Today we head up to Scotland to get behind the tea cakes and sample the illustrated delights of Gillian Kyle. The eponymous design brand is designed by Gillian who draws on Scottish culture to create fun, colourful, and stylish home accessories and clothing.
History and sports are used as themes for various illustrated collections, with pride of place reserved for food. Not deep-fried Mars Bars but a tasty selection of fish & chips, Irn Bru, Scottish Pride Bread, Oatcakes, and Tunnock’s Tea Cakes; all are used as inspiration to create prints applied to cushions, lampshades, art prints, mugs, coasters, and more.
Illustrations of Robert Burns and Andy Murray also underline the distinctly Scottish identity that appeals to shoppers not just in Scotland but across the United Kingdom, as evidenced by the wide range of stockists nationally that carry the collection, including John Lewis.
As well as being available directly from the Gillian Kyle website, the range is online at Etsy and Not On The High Street.
We’ve included Gillian Kyle items previously at Home Arty Home and are incapable of resisting the draw of her illustrated Tunnock’s Tea Cakes in particular.
We caught up with Gillian to find out more:
Hello! We’re Home Arty Home.
“I’m Gillian, and I started the business in 2009 after graduating from art school. Katherine and Jen work with me in the studio full time, and Katie part time.”
How did you get started? What made you want to create and launch your range?
“On graduating from GSA in 2008, design jobs in Glasgow and Scotland were so thin on the ground that I knew the only way to avoid moving to London was to start something myself. I just thought ‘start making some things, and see what happens’ and so that’s what I did. After chatting with my partner Tom one night about the Scottish psyche, our popular culture and our weird and wonderful relationship with food, I did some drawings of Tunnocks Teacakes, Scottish Plain loaves and bottles of Irn-Bru, and printed them onto t-shirts, aprons, tea towels and tote bags in the GSA textile print room. I sold a few things right away to other students who had seen me printing them, before taking part in a few wee local craft fairs. Things grew from there pretty quickly – what I was doing seemed to strike a chord!”

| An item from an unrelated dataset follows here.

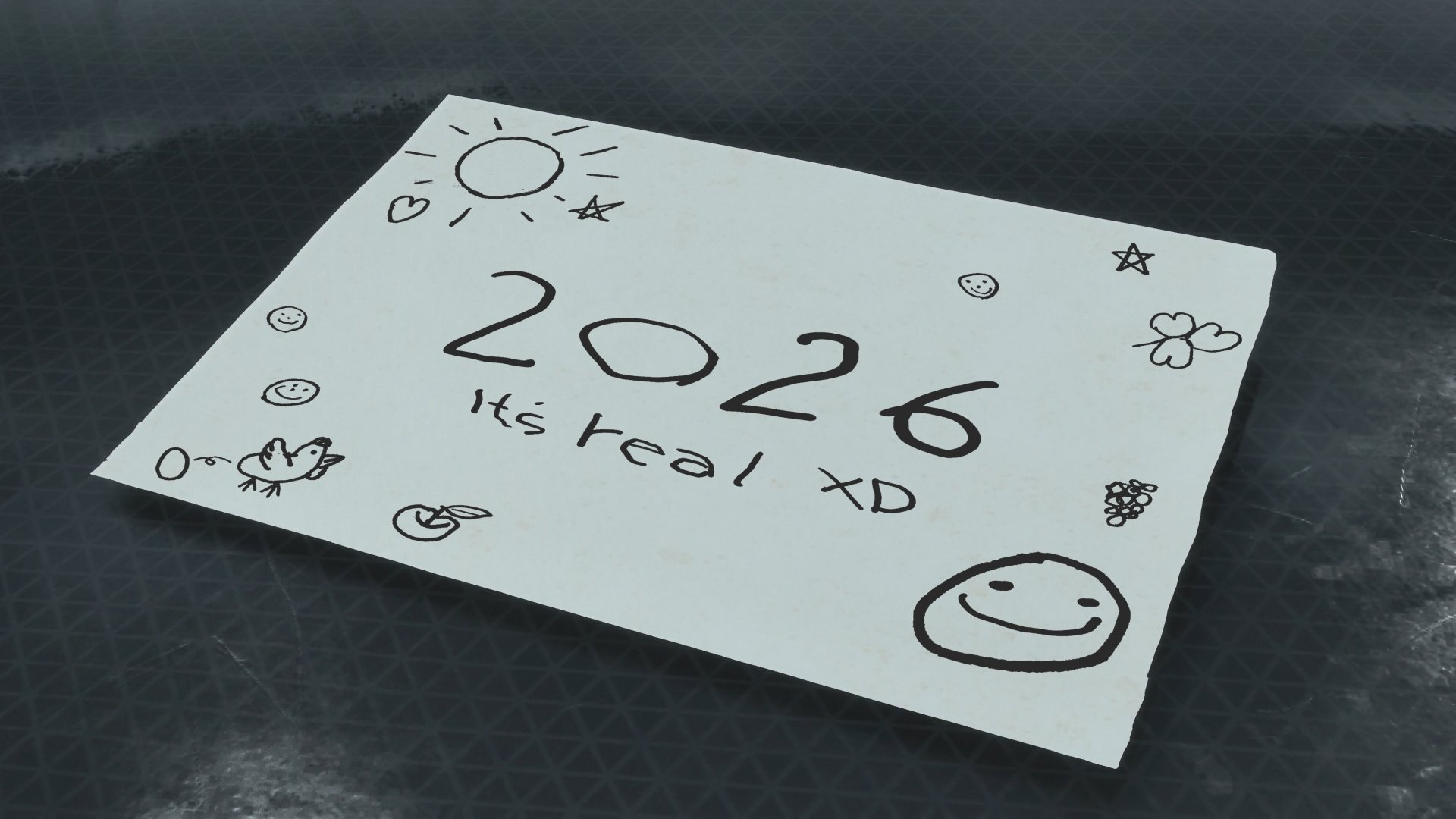 Pragmata screenshot of a note showing the new 2026 launch window with the words "it's real" next to a smiley face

What’s the creative process for you? What inspires/influences your work?
“I’m really just fascinated by popular culture, products and branding, identity, nostalgia and memory. I’m a magpie and am constantly collecting images for inspiration; old product packaging, vintage ephemera and photos of interesting bits and pieces. I love to draw and always start off using pen and ink on paper before developing things digitally. Typography and fonts are another mini obsession – I love the effect of recreating them in my hand-drawn style.”

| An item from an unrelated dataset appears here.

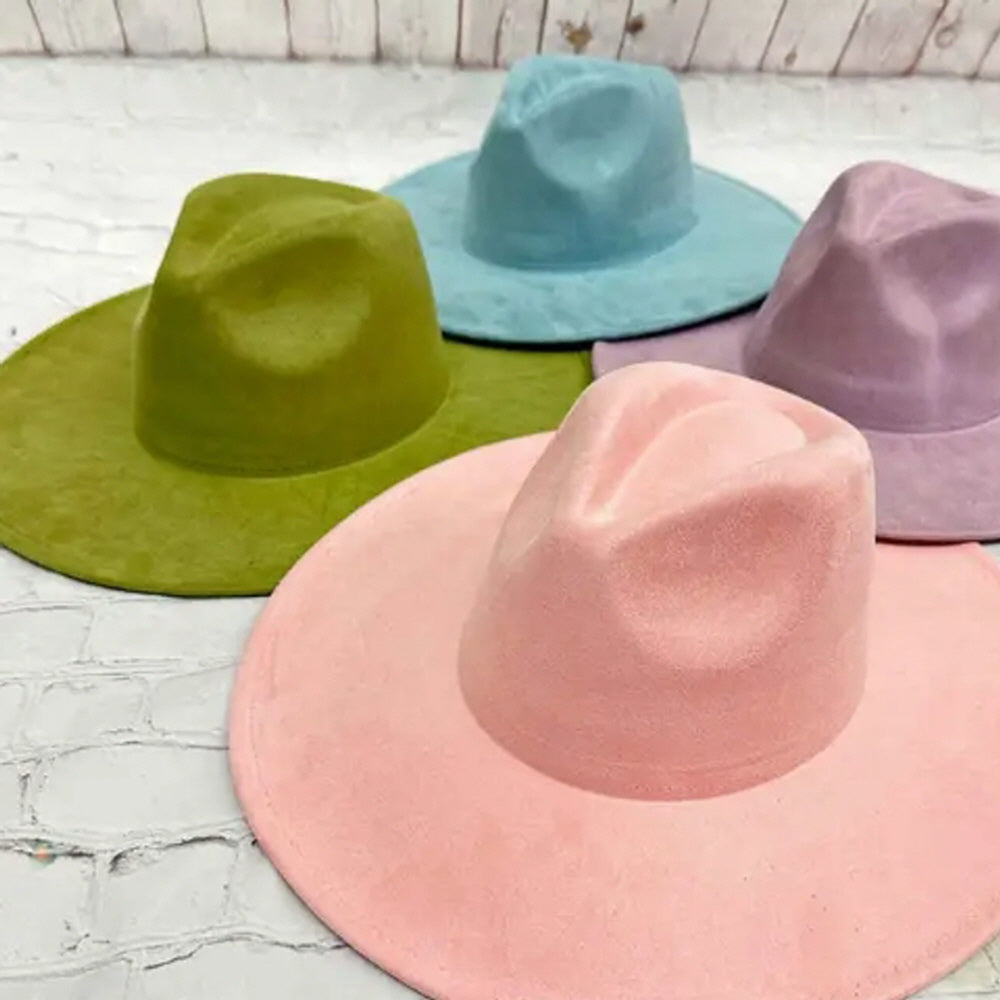 VEGAN SUEDE FEDORA HAT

Where are your items made? Do you make them yourself?
“Everything is currently made or decorated in the UK and we use a selection of lovely small businesses to manufacture for us. We have really lovely relationships with them all and it’s great to be able to visit the factories and meet the people who are actually doing the sewing, printing etc. I’d love to think that we could do some in-house manufacturing at some point in the future too. Although we won’t always be able to make everything here, I’m committed to making things in this country wherever we can; its been great to see a renewed interest in UK manufacturing in the last couple of years.
We use organic cotton for the majority of our textile products – it’s more expensive but well worth it, both for the handle of the fabric and the knowledge that we are minimising the negative environmental and health impacts of our consumption on the world; regular cotton farming is pretty bad news.”

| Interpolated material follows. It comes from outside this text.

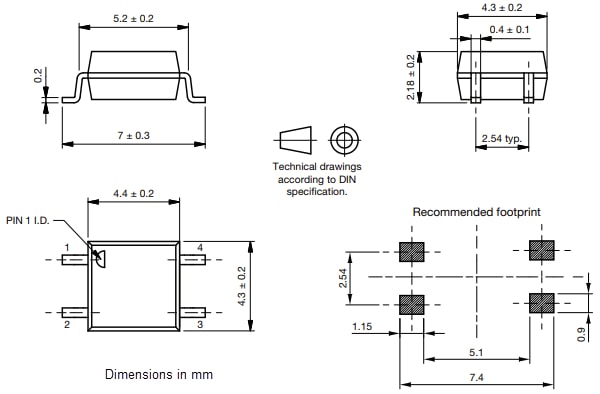 机械图纸 - Vishay Semiconductors VOR1003M4固态继电器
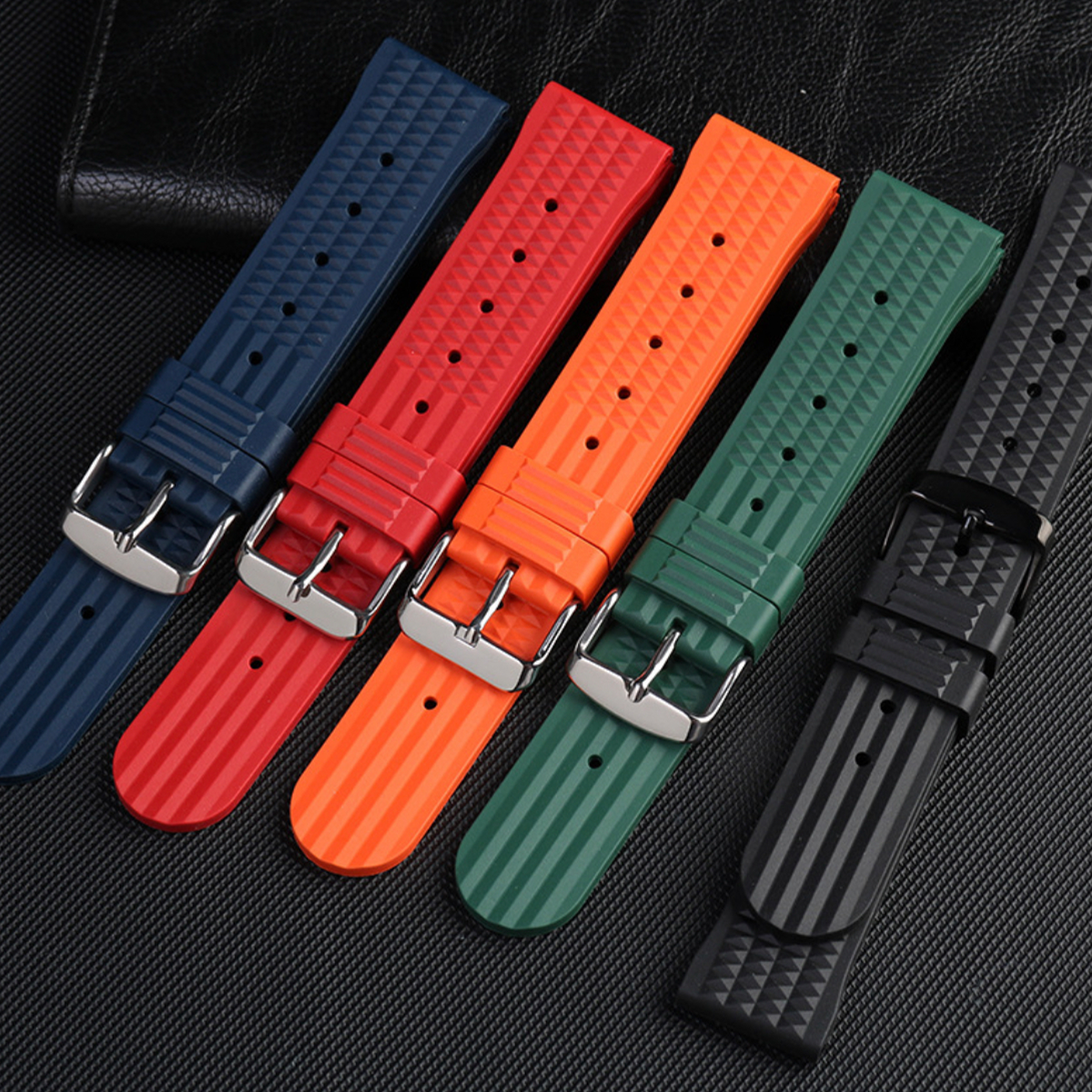 Waffle Rubber Strap Red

Do you have any collaborations on the go?
“I’ve just released a wee giftware range called ‘Scotland the Brave’ designed in collaboration with an exciting new illustrator called Tony Mckay, which looks great. I’m also collaborating on a really exciting new range of tins with a company called Elite who produce tinware for Emma Bridgewater and Caroline Gardner. I can’t wait to see my Tunnock’s designs on biscuit tins!”
How do you see the range developing?
“We have big goals for the next couple of years. The idea, essentially, is to build on what we have created and really establish ourselves as a home and gift brand in the UK market and beyond. We will be growing our product range and introducing a wider range of ceramics and textiles, as well as stationery. I’m particularly excited by the Fish & Chips plate that I’ve just designed and the Caramel Wafer milk jug (which is pretty cute). I guess I’m inspired by brands like Cath Kidston, Orla Kielly and Sophie Allport – they all have a really strong design concept rolled out over a great range of products.”
What do you hope people feel when they see your work or bring it into their homes?
“I hope that people respond to it in a variety of ways. Nostalgia and memories is a big one – we get emails all the time telling us how much a particular print has reminded them of their childhood or special people in it. But I hope that people also like the bold, bright colours, the wee hint of humour and the quality of the products – we try to make things that feel special.”